We're All Damaged

Monday, October 19, 2009

Day Baby vs. Night Baby: A Case Study

People are always saying to me, “Matt Norman, I hear you’re a daddy now. I sure wish you were my daddy.” My response is always the same: “Seriously, Natalie Portman, that’s the creepiest thing you’ve ever said to me. Now how did you get past my security system?”

But, as usual, Natty P. speaks the truth. I am, indeed, officially responsible for another human life.

Now, anyone who knows me knows that “This Guy” believes in giving 110% -- 115% if the humidity is low. Therefore, in just a few short days, I have pretty much become an expert at both parenthood and baby psychology.

“An expert, Matt Norman?” you say, with doubt in your voice, furrowing your brow.

That’s right, reader, an expert. And I really don’t appreciate your tone, by the way.
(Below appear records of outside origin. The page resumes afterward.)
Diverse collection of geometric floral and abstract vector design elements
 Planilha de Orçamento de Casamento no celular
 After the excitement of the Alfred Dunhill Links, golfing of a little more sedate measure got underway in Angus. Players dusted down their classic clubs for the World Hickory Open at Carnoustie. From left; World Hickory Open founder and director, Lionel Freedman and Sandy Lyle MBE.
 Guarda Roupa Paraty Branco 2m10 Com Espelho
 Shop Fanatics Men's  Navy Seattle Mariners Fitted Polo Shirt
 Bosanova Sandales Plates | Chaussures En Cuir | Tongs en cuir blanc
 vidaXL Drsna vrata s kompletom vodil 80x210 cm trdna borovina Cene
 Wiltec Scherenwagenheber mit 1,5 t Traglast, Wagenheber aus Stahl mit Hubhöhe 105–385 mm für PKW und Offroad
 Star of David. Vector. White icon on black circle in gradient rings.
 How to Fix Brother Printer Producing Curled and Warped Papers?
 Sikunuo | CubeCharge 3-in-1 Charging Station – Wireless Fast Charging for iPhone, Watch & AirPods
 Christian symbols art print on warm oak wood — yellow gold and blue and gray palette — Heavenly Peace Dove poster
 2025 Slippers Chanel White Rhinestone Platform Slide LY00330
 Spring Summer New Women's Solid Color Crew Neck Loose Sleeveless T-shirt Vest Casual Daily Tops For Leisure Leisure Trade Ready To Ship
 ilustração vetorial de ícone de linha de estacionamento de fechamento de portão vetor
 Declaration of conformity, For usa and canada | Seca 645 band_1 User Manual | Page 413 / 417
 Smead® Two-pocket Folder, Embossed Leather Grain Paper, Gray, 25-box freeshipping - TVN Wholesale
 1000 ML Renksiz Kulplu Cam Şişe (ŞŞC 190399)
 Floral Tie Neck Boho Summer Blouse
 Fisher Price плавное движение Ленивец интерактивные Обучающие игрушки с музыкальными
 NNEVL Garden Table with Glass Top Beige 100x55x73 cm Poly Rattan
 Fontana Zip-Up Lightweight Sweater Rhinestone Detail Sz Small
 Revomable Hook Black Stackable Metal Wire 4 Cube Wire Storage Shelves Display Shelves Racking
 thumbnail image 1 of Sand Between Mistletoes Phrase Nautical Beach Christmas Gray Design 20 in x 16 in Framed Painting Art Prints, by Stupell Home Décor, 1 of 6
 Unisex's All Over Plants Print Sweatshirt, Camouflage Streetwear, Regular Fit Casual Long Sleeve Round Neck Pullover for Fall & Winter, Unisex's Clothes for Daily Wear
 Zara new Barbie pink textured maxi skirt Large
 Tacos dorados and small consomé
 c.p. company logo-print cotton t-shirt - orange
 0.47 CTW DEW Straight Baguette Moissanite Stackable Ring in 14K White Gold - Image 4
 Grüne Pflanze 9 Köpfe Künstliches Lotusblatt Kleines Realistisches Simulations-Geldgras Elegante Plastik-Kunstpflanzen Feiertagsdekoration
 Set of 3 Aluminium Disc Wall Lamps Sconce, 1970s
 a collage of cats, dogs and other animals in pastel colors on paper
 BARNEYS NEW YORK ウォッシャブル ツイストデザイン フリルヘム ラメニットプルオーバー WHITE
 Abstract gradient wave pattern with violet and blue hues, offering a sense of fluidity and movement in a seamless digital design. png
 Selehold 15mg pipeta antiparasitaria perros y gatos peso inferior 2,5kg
You see, for those of you who haven’t had a baby, you might not know that every newborn is actually two separate, very distinct entities. Henceforth, I shall refer to those entities as Day Baby and Night Baby.

Day Baby
Day Baby is so mind-numblingly cute that you’ll hardly be able to deal with it. She will sleep like a cartoon panda all day long. “Oh my God, you are so freaking cute,” you will be heard saying, loudly, over and over again, amazed that your DNA was able to contribute to such profound adorableness. Occasionally she’ll open her eyes, and, for the briefest of moments, she’ll look at you, and although she won’t smile, you’ll see that she understands who you are. She’ll sneeze and you’ll nearly burst into tears. She’s stretch her arms or hiccup and you’ll wonder why you waited so long to have a baby in the first place. “What have I been doing for 32 years?” you’ll ask. “I’ve wasted so much time. I’m going to quit my job so I can stare at her all day. I need to have more. Seriously, like right now. Where can I get a dozen of them? The Internet?”

Night Baby
Metaphorically speaking, Night Baby is a sophisticated robot sent from the future to crush your soul. She will cry so loudly that you’ll check her diaper for broken glass. She will squirm and she’ll wail, and it won’t let up, regardless of what the clock says, because the clock is something you invented, and it means nothing to her whatsoever. You’ll do the things you learned in the baby books that your friends gave you, the shushing and the swaddling and the swaying, but they won’t help at all. In fact, they will somehow make her tiny, fist-clenched rage worse. She’ll be a seven-pound monster in pink jammies, feeding off of your exhaustion. “Why are you doing this to me, baby?” you’ll ask, pleading now, begging for an answer. “Don’t you even care that I bought you all this stuff? I had my whole life ahead of me, and now you’ve ruined it! I could have been a professional dancer or . . . something.” And then, you, too, will be crying. Really crying, not like the crying you did that one time when you accidentally watched The Notebook on HBO a few years ago when you were hung over. “My God, my God,” you will say, yelling at the ceiling, “why have you forsaken me?”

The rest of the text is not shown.